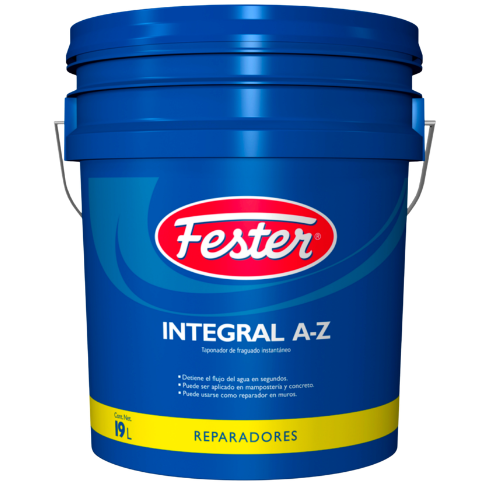 FESTER INTEGRAL A-Z Taponador de fraguado instantáneo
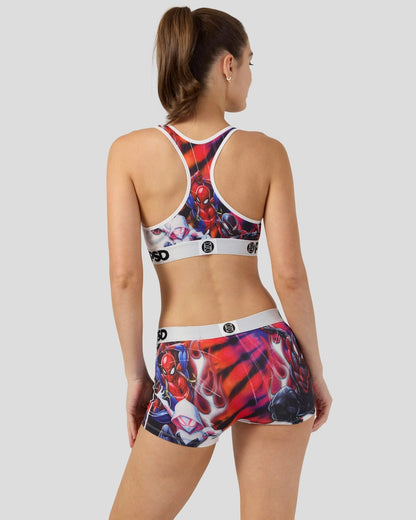 PSD Spider-Man Triad Sb Multi - Sports Bra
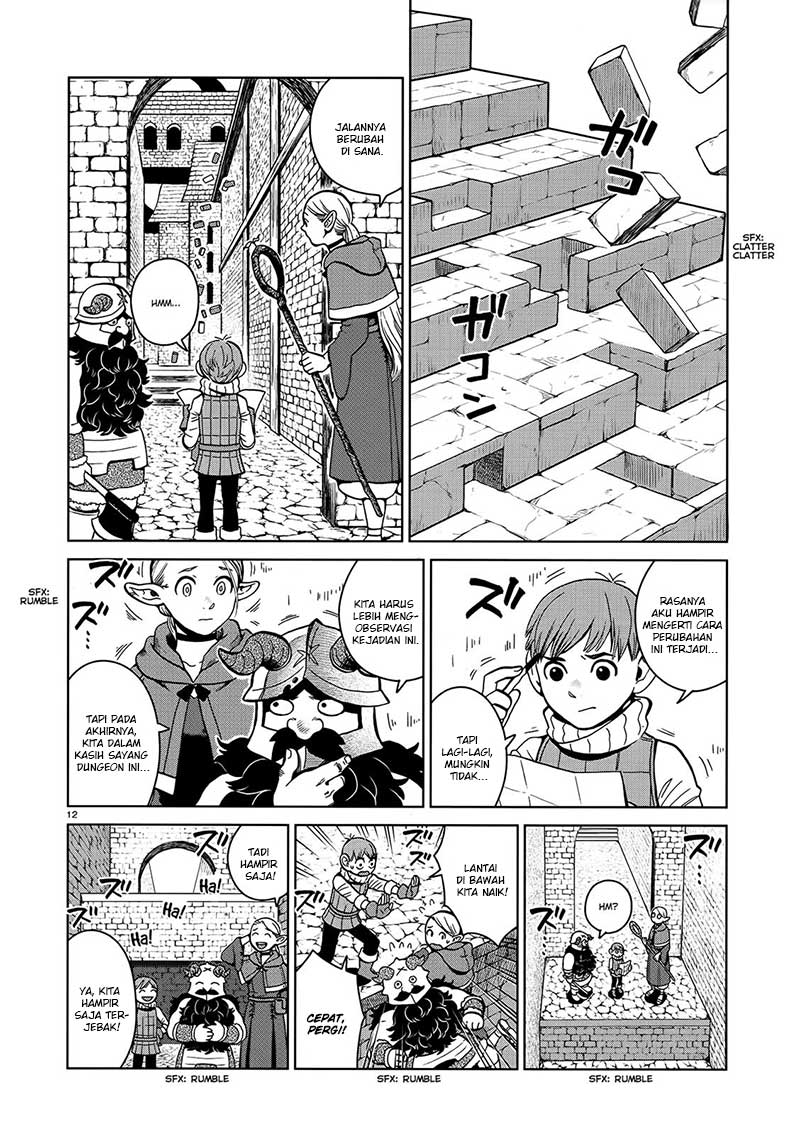 Dungeon Meshi Bab 34 halaman 14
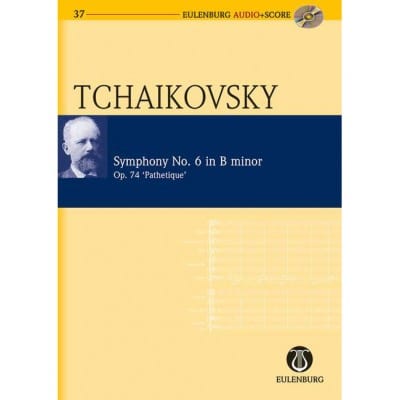 TCHAIKOVSKY P.I. - SYMPHONY NO. 6 B MINOR OP. 74 CW 27 - ORCHESTRA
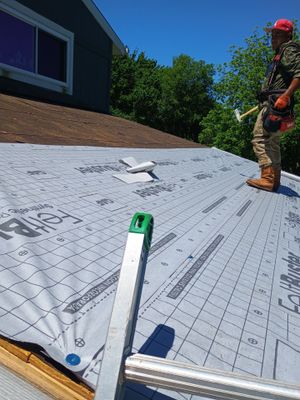 GAF Architectural Shingle Roof Replacement on Modern Ardmore Residence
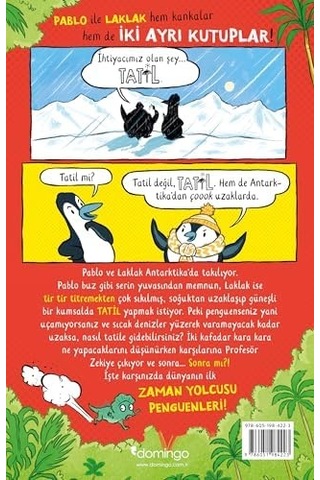 Pablo İle Laklak: Karşınızda Dünyanın İlk Zaman Yolcusu Penguenleri Ve En Komik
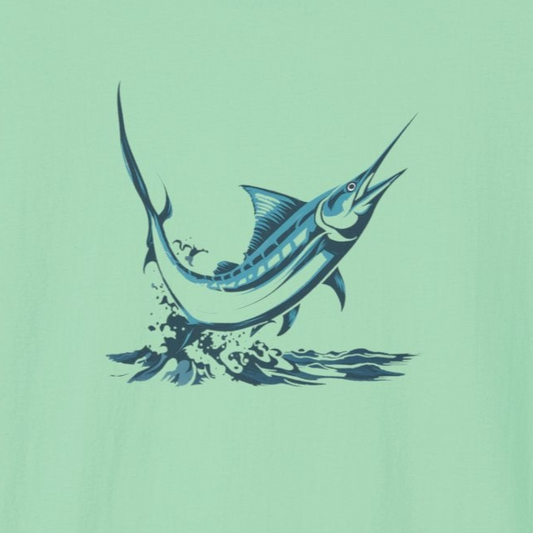 Marlin Splash Tee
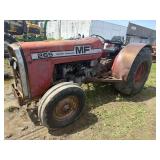 1980 Massey Ferguson 265 Utility Tractor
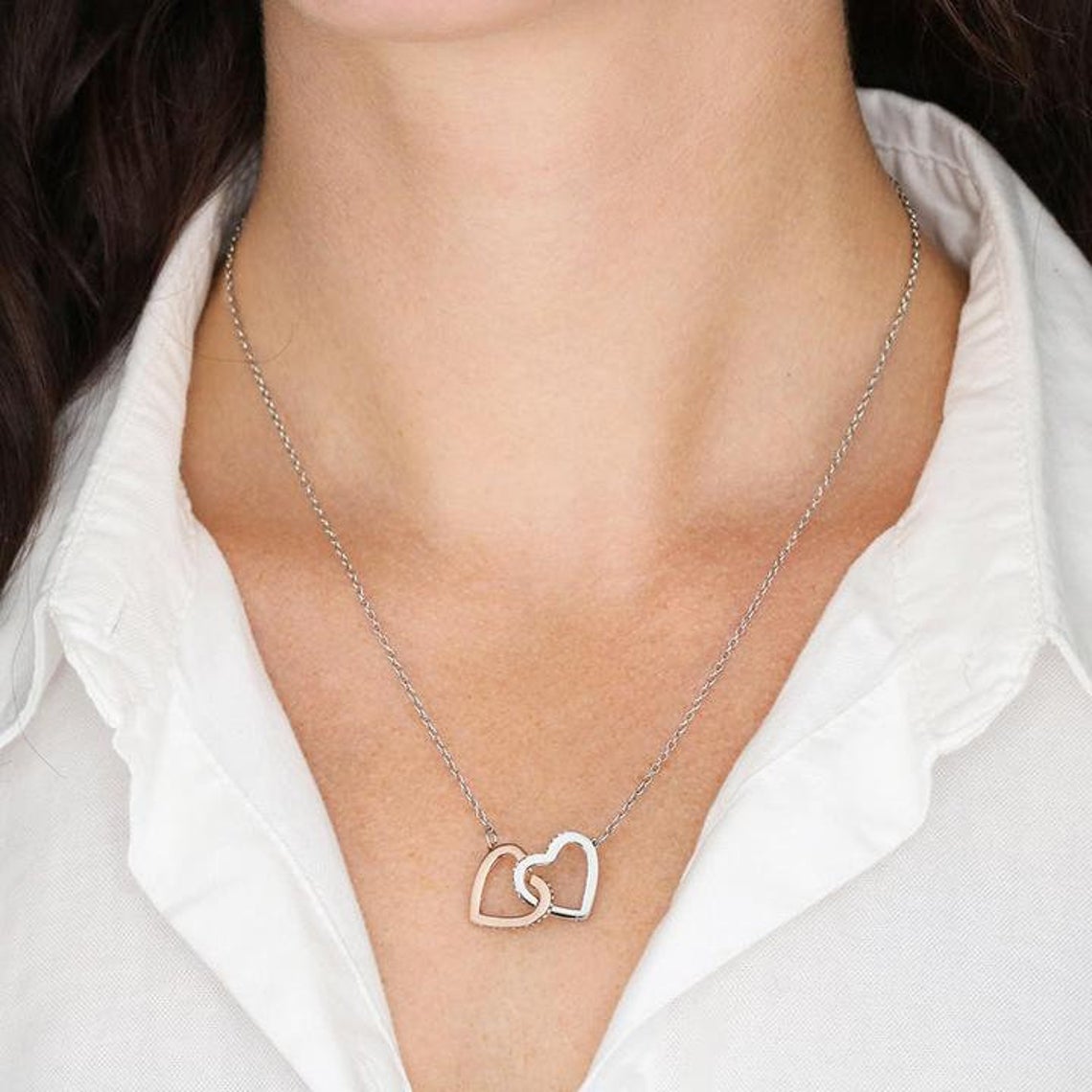 To My Soulmate wife girlfriend Valentines day birthday Christmas necklace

**********

:: BRIEF ::
Start at the top line above and repeat the records verbatim, leaving images out.

:: SOLUTION TO THIS TASK ::
 FESTER INTEGRAL A-Z Taponador de fraguado instantáneo
 PSD Spider-Man Triad Sb Multi - Sports Bra
 Dungeon Meshi Bab 34 halaman 14
 TCHAIKOVSKY P.I. - SYMPHONY NO. 6 B MINOR OP. 74 CW 27 - ORCHESTRA
 GAF Architectural Shingle Roof Replacement on Modern Ardmore Residence
 Pablo İle Laklak: Karşınızda Dünyanın İlk Zaman Yolcusu Penguenleri Ve En Komik
 Marlin Splash Tee
 1980 Massey Ferguson 265 Utility Tractor
 To My Soulmate wife girlfriend Valentines day birthday Christmas necklace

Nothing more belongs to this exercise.